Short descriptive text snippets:
+--
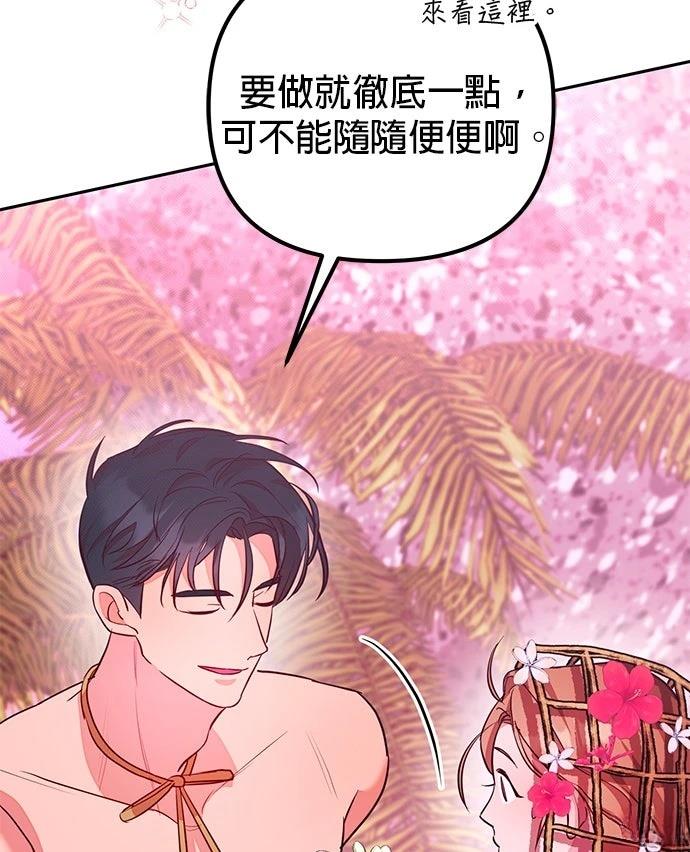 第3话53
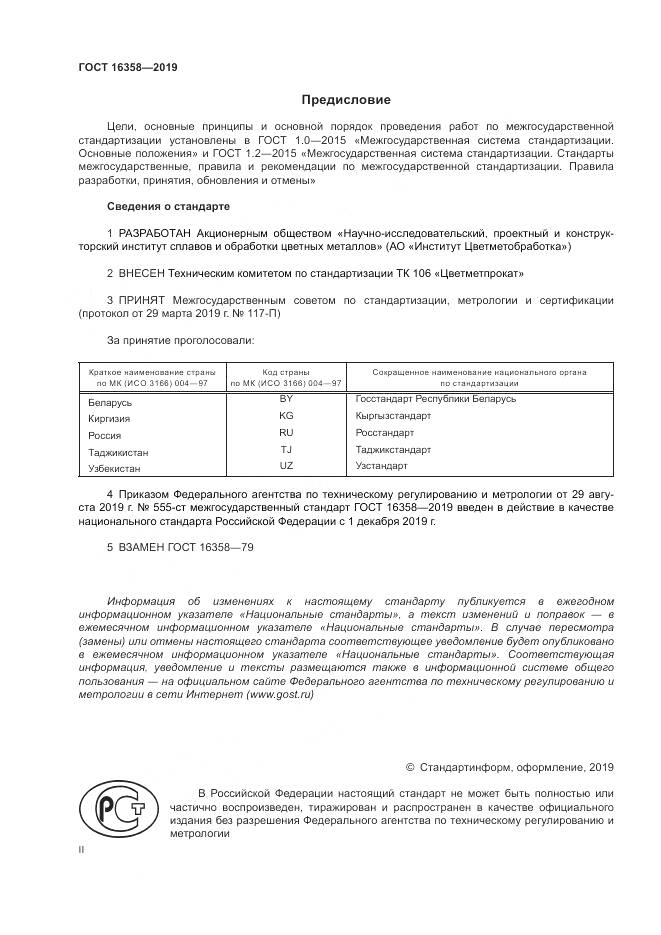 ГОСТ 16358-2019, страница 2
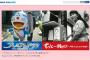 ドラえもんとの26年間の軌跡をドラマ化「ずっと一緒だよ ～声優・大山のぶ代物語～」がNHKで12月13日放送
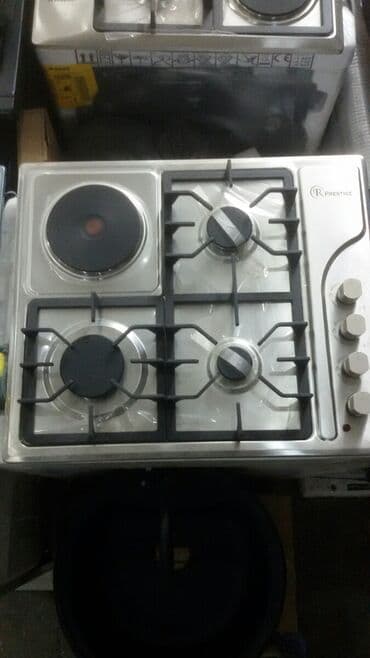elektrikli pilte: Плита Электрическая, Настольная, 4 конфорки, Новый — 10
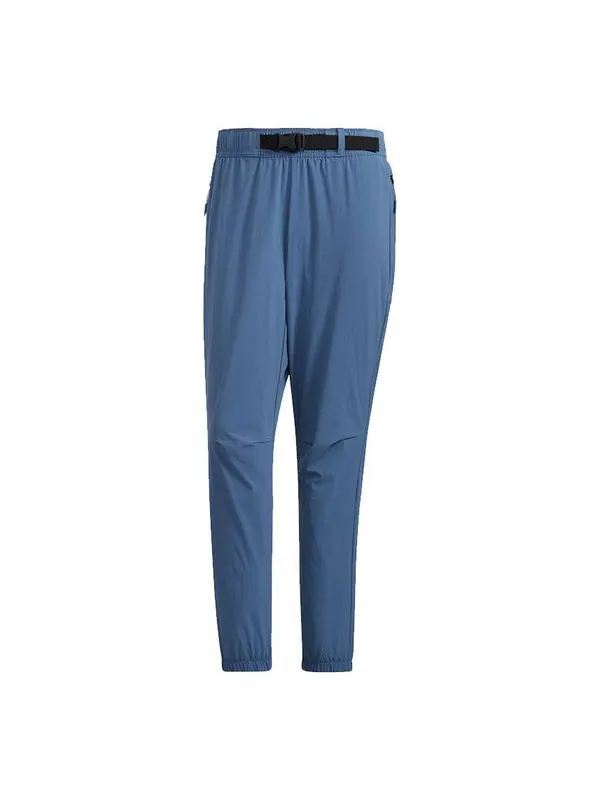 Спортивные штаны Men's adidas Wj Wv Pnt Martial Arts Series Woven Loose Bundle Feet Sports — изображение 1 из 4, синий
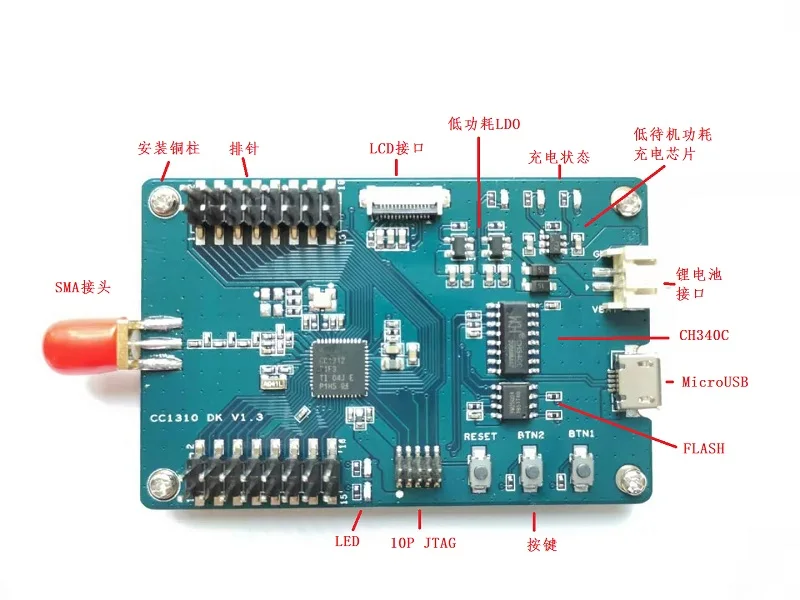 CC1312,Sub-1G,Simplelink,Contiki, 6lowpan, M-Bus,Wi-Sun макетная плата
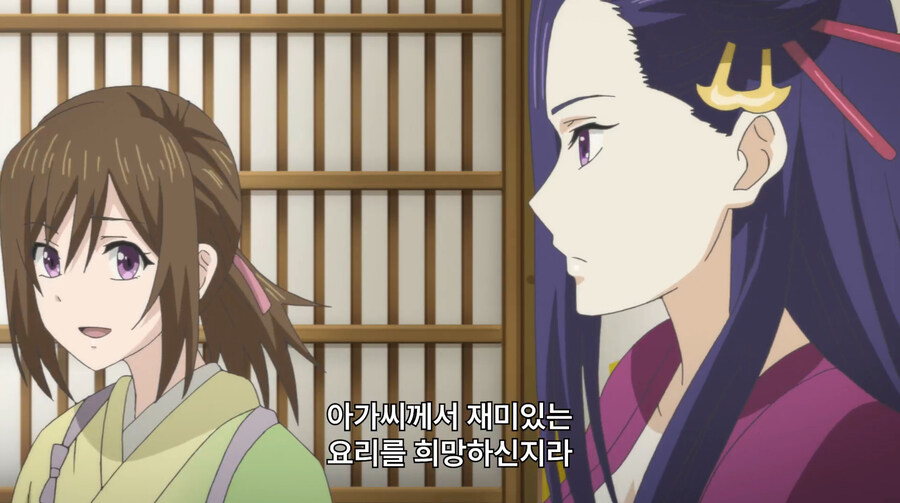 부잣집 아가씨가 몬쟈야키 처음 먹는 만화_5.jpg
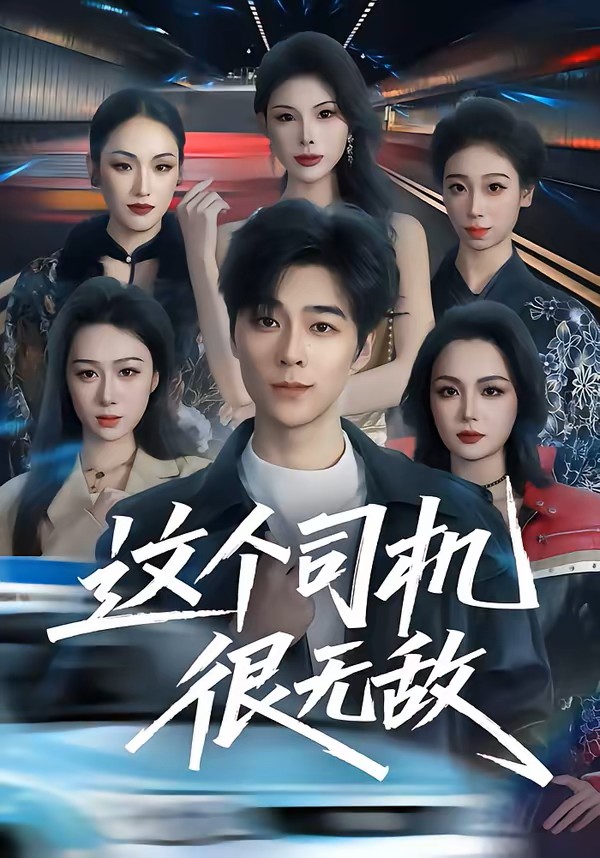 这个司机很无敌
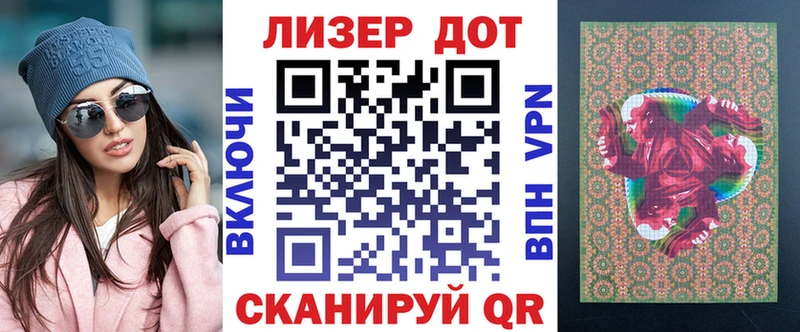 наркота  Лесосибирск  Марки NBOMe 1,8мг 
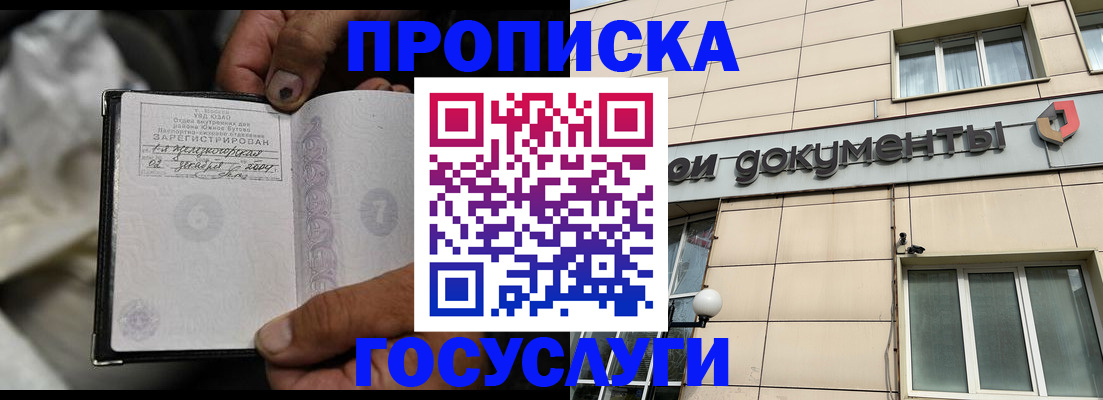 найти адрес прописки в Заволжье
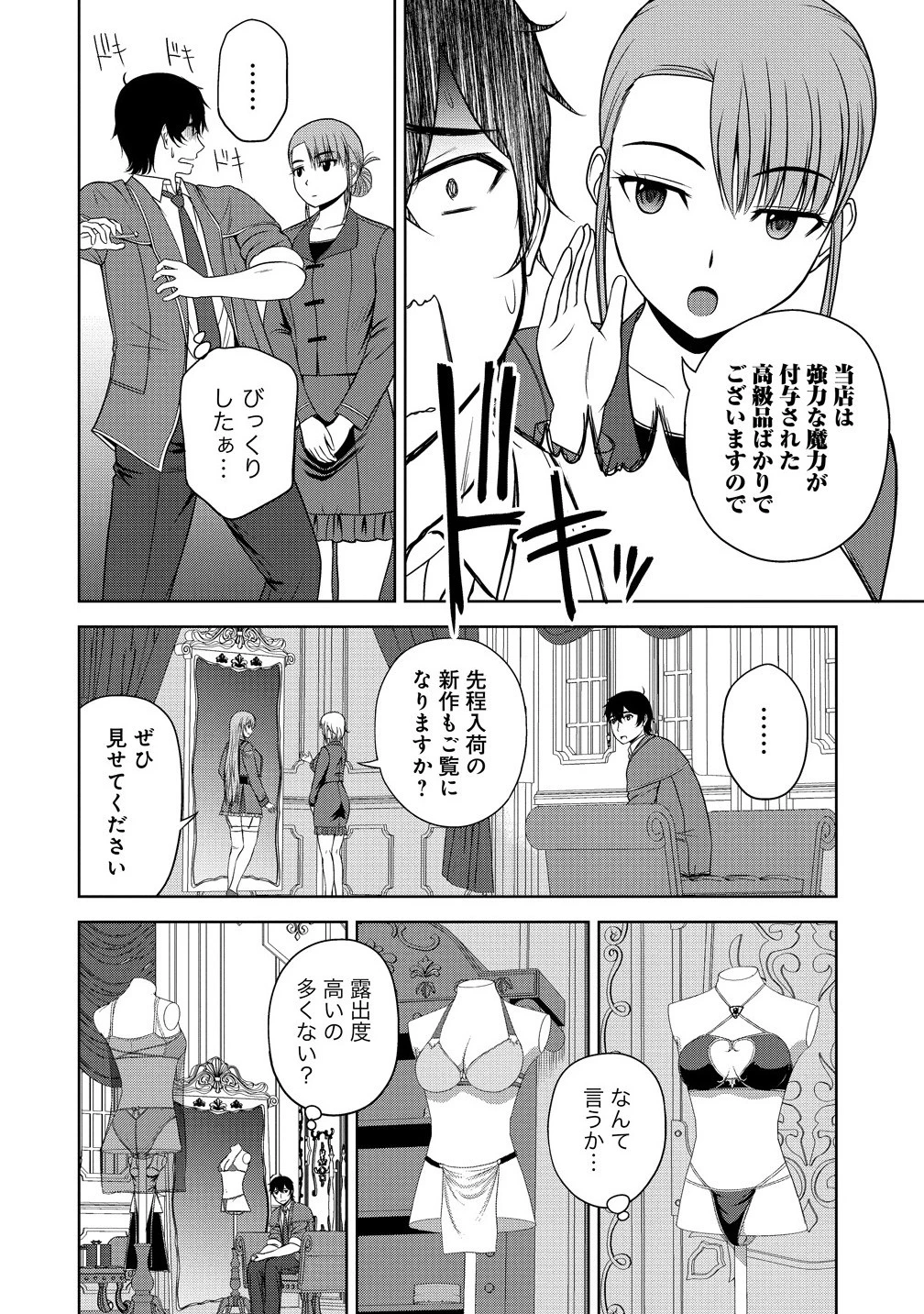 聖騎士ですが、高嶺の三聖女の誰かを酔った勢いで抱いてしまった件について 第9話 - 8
+--
Could you restate every record above word for word, leaving the pictures out?

 第3话53
 ГОСТ 16358-2019, страница 2
 ドラえもんとの26年間の軌跡をドラマ化「ずっと一緒だよ ～声優・大山のぶ代物語～」がNHKで12月13日放送
elektrikli pilte: Плита Электрическая, Настольная, 4 конфорки, Новый — 10
 Спортивные штаны Men's adidas Wj Wv Pnt Martial Arts Series Woven Loose Bundle Feet Sports — изображение 1 из 4, синий
 CC1312,Sub-1G,Simplelink,Contiki, 6lowpan, M-Bus,Wi-Sun макетная плата
 부잣집 아가씨가 몬쟈야키 처음 먹는 만화_5.jpg
 这个司机很无敌
 наркота  Лесосибирск  Марки NBOMe 1,8мг 
 найти адрес прописки в Заволжье
 聖騎士ですが、高嶺の三聖女の誰かを酔った勢いで抱いてしまった件について 第9話 - 8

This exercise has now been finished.